For science fiction and fantasy short stories, there’s a website called Cosmic Roots and Eldritch Shores, and they also always provide feedback on the stories they reject.

Step #4: Revise, resubmit, and persevere

If you struggle with coming up with new story ideas, find competitions or anthologies that have specific requirements. This is a great way to generate ideas and motivate you to finish stories since it gives you a theme, a word count, and a hard deadline.

If you aren’t successful, don’t assume that means your story is no good. Just because you wrote it for a specific submission call doesn’t mean you can’t send it elsewhere.
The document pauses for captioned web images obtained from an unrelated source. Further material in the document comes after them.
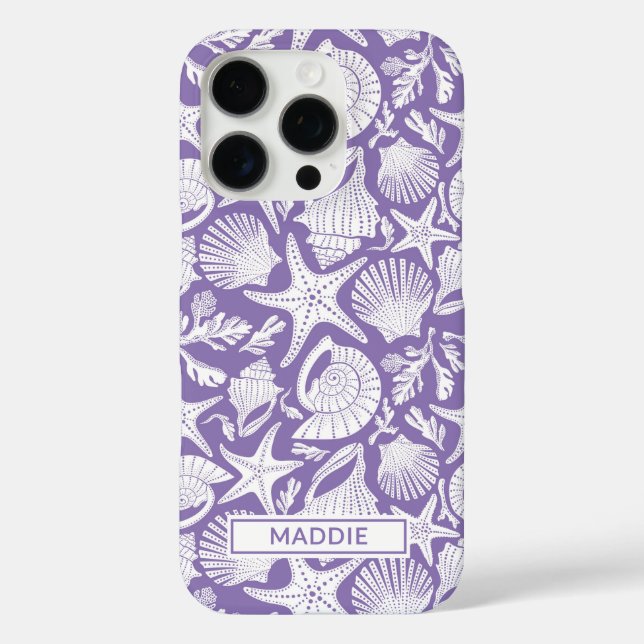 Purple Shells Personalized iPhone 16 Pro Hülle (Rückseite)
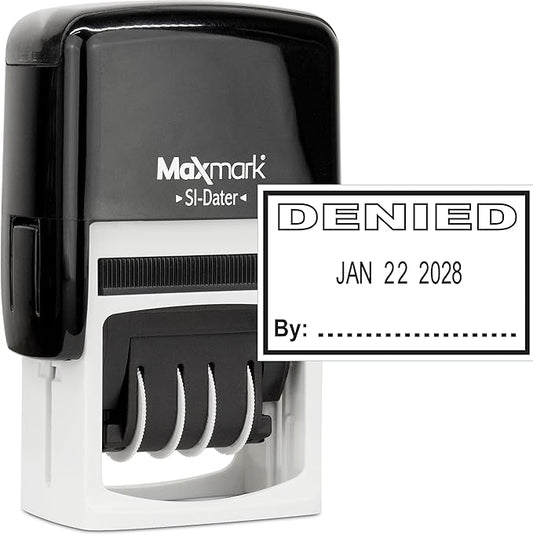 MaxMark Office Self Inking Date Stamp with Phrase Denied - Black Ink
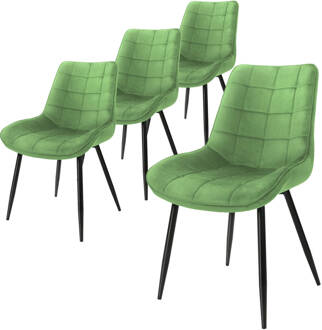 set van 4 eetkamerstoelen met rugleuning, groen, keukenstoel met fluwelen bekleding, gestoffeerde stoel Multikleur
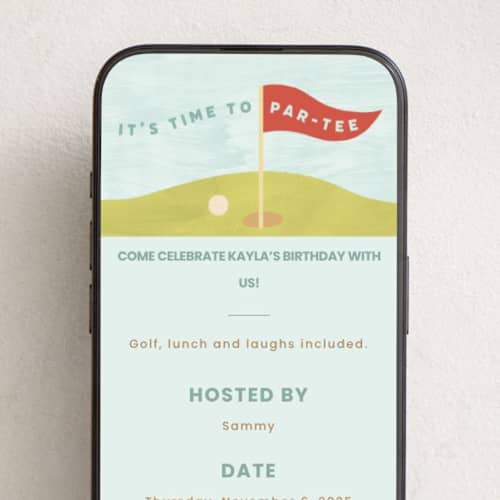 This is a seafoam online birthday invitations by Natalie Rae called par-tee printing on digital paper in standard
There are plenty of publishers looking for great work. If you get a rejection, run through your story again to see if there are any parts you can improve, then find somewhere else to send it.

One of my first publication successes came out of a rejection. I submitted a story to a prestigious fantasy anthology and the editor emailed to say it was a perfectly good story, but not quite what she was looking for. She encouraged me to submit it elsewhere. I did, and the next editor accepted and published it.

 

In the last three years, I’ve made nearly 300 submissions to competitions, fiction sites, anthologies, and magazines. Of those, forty submissions have achieved some measure of success (competition shortlist or acceptance for publication), which is one in seven or eight submissions.

Perseverance is the key. One of my stories was rejected by five different places before the sixth accepted it for publication, and one magazine rejected three of my stories before finally accepting the fourth I sent in. So, don’t give up!

One thing I can tell you with certainty: rejection hurts, but the pain lessens with every rejection you receive. Acceptance feels amazing, too, and that feeling doesn’t diminish over time. My fortieth success was just as sweet as my first, and every rejection I now receive simply prompts the question “Where else can I send that?”.

If you’re thinking of submitting your work, take a deep breath and go for it. You’ll never know what you can achieve until you try.